Parmi le staff, on trouve des fans de la première heure. Marcin Bratkowski, directeur commercial, « fait le métier de ses rêves ». Il y a quatre mois encore, il était conseiller dans une agence sportive de la capitale. « J’adorais mon travail, pour rien au monde je ne l’aurais quitté », insiste-il. Rien, ou presque. « Quand j’ai vu que le Polonia cherchait un responsable marketing, je n’ai pas hésité. Après 45 minutes d’entretien, Grégoire Nitot m’a dit “je jette les autres candidatures”. C’est fou », raconte celui qui rêvait, petit, de devenir joueur professionnel au « KSP ».
Bientôt un nouveau stade et une boutique
Depuis qu’il a été recruté, Marcin Bratkowski travaille, entre autres, à la création d’une boutique pour le club. « Pour l’instant, on n’a que ça », grimace-t-il. Un petit portant avec une quinzaine de maillots, caché dans un coin du bar. À côté, quelques écharpes, casquettes et magnets remplissent une modeste vitrine. « Plus suffisant » pour un club avec de telles ambitions.
Idem pour le stade Kazimierz-Sosnkowski, dont la vétusté ne permettrait pas de répondre aux normes de la première division. « On va construire une nouvelle enceinte, promet Janusz Samel, directeur du bureau des sports de la ville. Elle sera plus récente et pourra accueillir 16 000 personnes, contre 7 000 aujourd’hui. » Cette saison, l’affluence moyenne est de 2 000 supporters, un niveau plus atteint depuis la dernière saison en première division.
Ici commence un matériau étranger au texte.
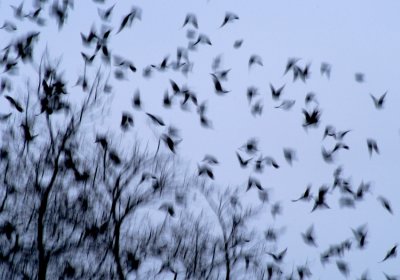 a storm of starlings 130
Et le potentiel existe : « Sur les trois dernières années, on a 20 000 personnes différentes qui sont venues », détaille la direction.
Retrouver le derby de Varsovie ? Et pourquoi pas. « Il y a largement la place pour deux grands clubs ! », affirme Janusz Samel. Jam a les yeux qui brillent rien qu’à y penser, lui qui n’a encore jamais vécu ces matches comme supporter : « Notre plus grand rêve, c’est de gagner contre le Legia et même de passer devant eux en nombre de victoires ! », s’amuse-t-il. Actuellement, chaque club compte 29 succès dans l’histoire des confrontations.
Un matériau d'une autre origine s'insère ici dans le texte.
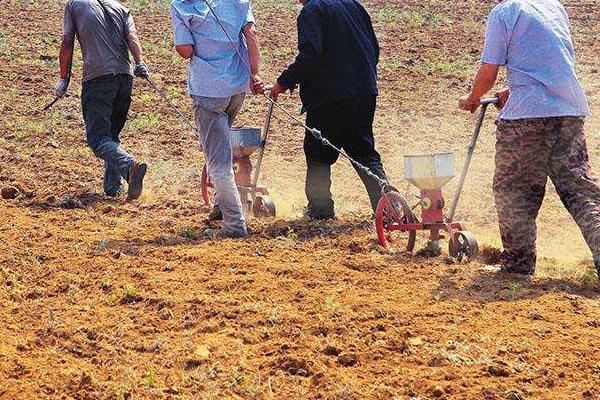 春天做的农事都有什么？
Pour l’heure, c’est une montée en deuxième division qui est espérée à la fin de la saison. « C’est l’une des équipes les plus fortes de la ligue, je pense qu’elle sera promue », pronostique le journaliste Kamil Tybor. Une montée qui rappellerait de bons souvenirs aux fans. En juin dernier, ils avaient fêté l’accession à la 3e division pendant de longues heures sur le parvis du stade. « Grégoire (Nitot) avait plongé dans la fontaine avec les joueurs ! », se rappelle, tout sourire, Joshua.